Now, IF he instead went out and set up a table to feed homeless kids, or bought groceries for indigent seniors and helped prepare their meals, I’d be much more inclined to pay attention. If he even went out to pick up garbage, cans, McDonald's wrappers strewn on his highway - to demonstrate something to care for beyond himself with ACTIONS, I'd be more likely to take him seriously.  But not if he froths at the mouth, literally spits his words out at me with pure venom and expects me to be accepting!

Look, I am an unbeliever.  If you claim your faith system is superior to what I uphold (science)  then SHOW me! Not by your fucking words, but ACTIONS!  Not by your stupid, mucked up, forged bible verses but by how you act and show compassion to the world. If you can show me you can do something I have difficulty with, translating ideations to solid, charitable  and compassionate actions, I might decide first - that your system has something to commend it that mine lacks. And second, that you are capable of 'walking the walk' as opposed to merely talking Bible BS. Or....trying to threaten me with hellfires when you haven't even convinced me that I'd remotely wish to spend an eternity with your smug, self-righteous lot! DOH!!! (In other words, dummies, "salvation" is not a big priority on my to-do list if it means spending a nanosecond with religious psychos! Of course, since nothingness is the ultimate end of humans anyway, it's a moot point.)

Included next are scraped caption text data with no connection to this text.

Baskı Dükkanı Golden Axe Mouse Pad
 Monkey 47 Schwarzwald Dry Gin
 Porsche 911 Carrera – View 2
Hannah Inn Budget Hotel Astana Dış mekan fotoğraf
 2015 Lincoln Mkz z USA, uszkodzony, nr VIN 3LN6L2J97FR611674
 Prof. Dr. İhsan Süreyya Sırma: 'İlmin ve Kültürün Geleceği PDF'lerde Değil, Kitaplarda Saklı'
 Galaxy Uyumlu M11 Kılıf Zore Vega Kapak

Basically then the Christians are their own worst enemies in getting their message out far less getting it accepted. If they’d first attend to pruning the creeps and turds from their lot, i.e. those like the Fred Phelpses, Billy Sundays, Pastor Mikes, Pat Robertsons, Jim Joneses, et al – they’d have more success in getting the NONES or us non-believers, to give them respect...maybe even heed whatever scintilla of useful message they might have for us.

Doubling down on biblical bollocks then isn’t going to engage more people - but perhaps attending to truthfulness in their own scriptures will, as well as ACTING the part of the one they profess to follow – as opposed to acting like hateful pieces of ambulatory, diseased dogshit.